PennDOT’s proposal of shutting down access roads, widening Route 413, and building two cloverleafs in the area of U.S. Route 1 and Route 413 in Langhorne raises three concerns:
• 1) an influx of traffic onto residential neighborhood streets and into already congested areas of Langhorne Borough;
• 2) a dangerous situation for pedestrians, including those with disabilities, who have to cross Route 413 to access the playground, library, churches, and shopping areas;
• 3) a waste of taxpayer money and resources.
The access roads that parallel U.S. 1 are used by drivers going to Neshaminy High School, to the entrance of Our Lady of Grace Cemetery, and to get on and off U.S. 1 via the side streets in Langhorne and Langhorne Manor boroughs. They provide a traffic relief valve that must not be shut off.
PennDOT’s justification for closing the access roads is the lack of a shoulder for disabled cars on U.S. 1, which presents a safety issue for drivers and emergency workers.

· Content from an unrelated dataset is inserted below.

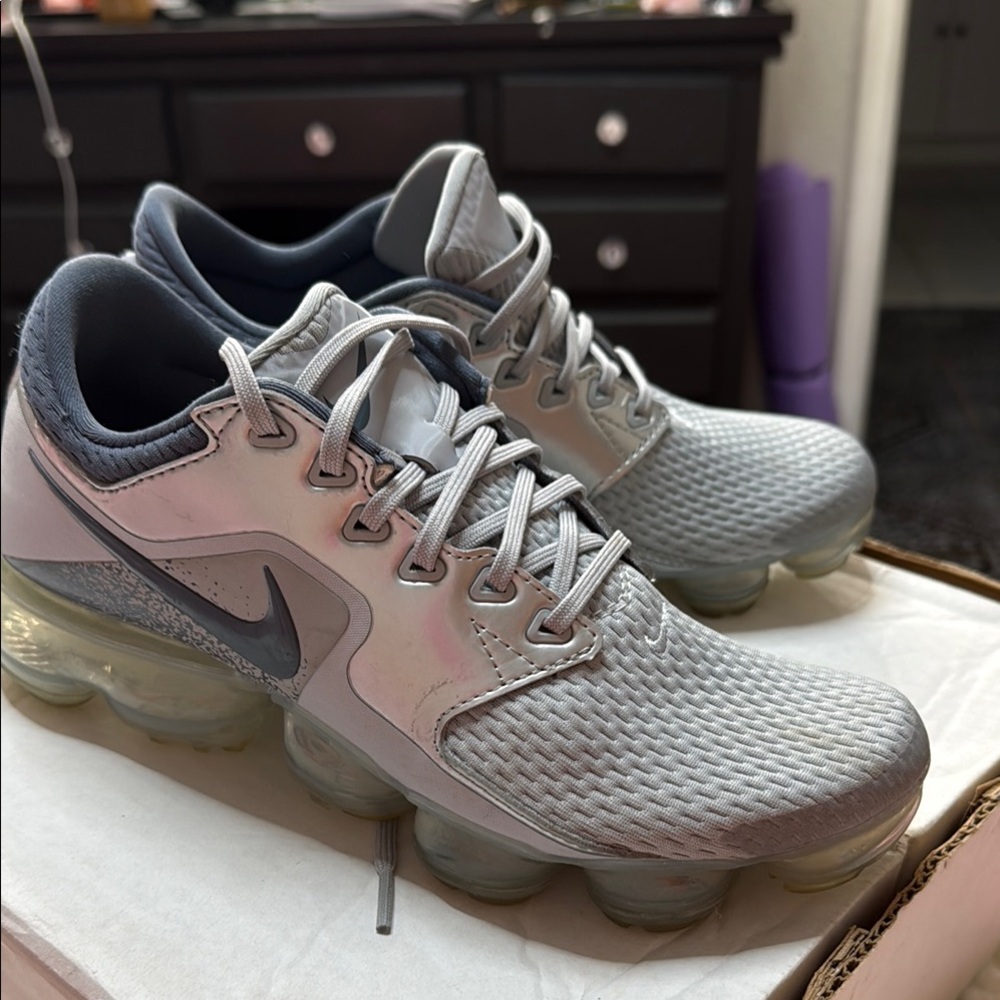 Nike Women's Gray Running Shoes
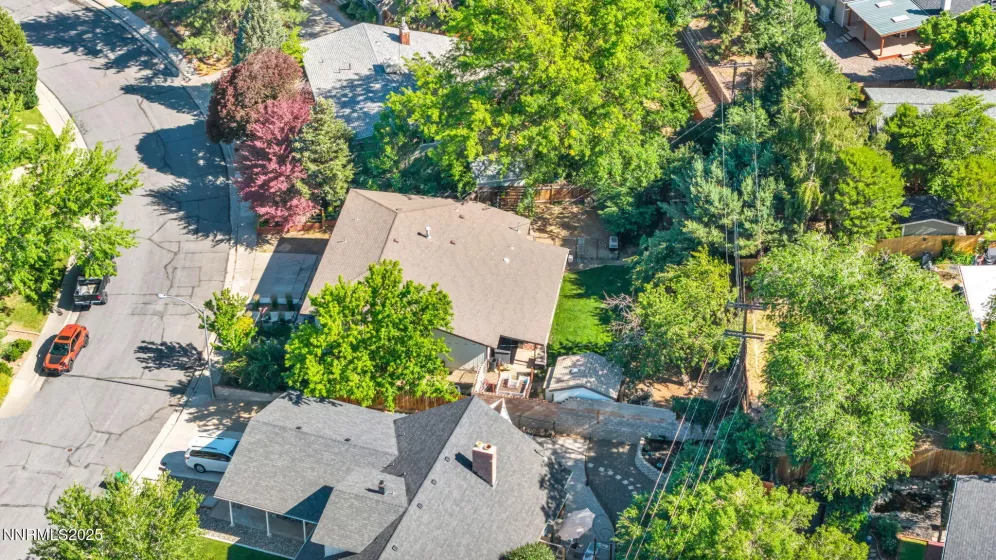 700 Highland, Carson City, Nevada 89703, 4 Bedrooms Bedrooms, ,3 BathroomsBathrooms,Residential,Residential,Highland,250052360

Obviously, this valid concern should be remedied, but not in the way PennDOT has designed.
At present, there are 16-foot-wide concrete barriers between the highway and access roads. If those concrete barriers were removed and replaced with narrow metal barriers (such as already used in the center of the highway), there would be sufficient room to provide a shoulder for US 1 traffic. The access roads would be preserved.
Because current traffic patterns would not change, the residential streets and major intersections of historic Langhorne Borough would not experience the influx of traffic that will occur under PennDOT’s proposed plan.
Two expensive cloverleafs would not be needed. Property for their construction would not have to be acquired. Route 413 would not have to be widened. A fraction of the money saved could be used to add bike lanes and better crosswalks.
This simpler, much more economical alternative would mitigate, rather than exacerbate, traffic woes and threats to safety already experienced by pedestrians and drivers in Langhorne Borough.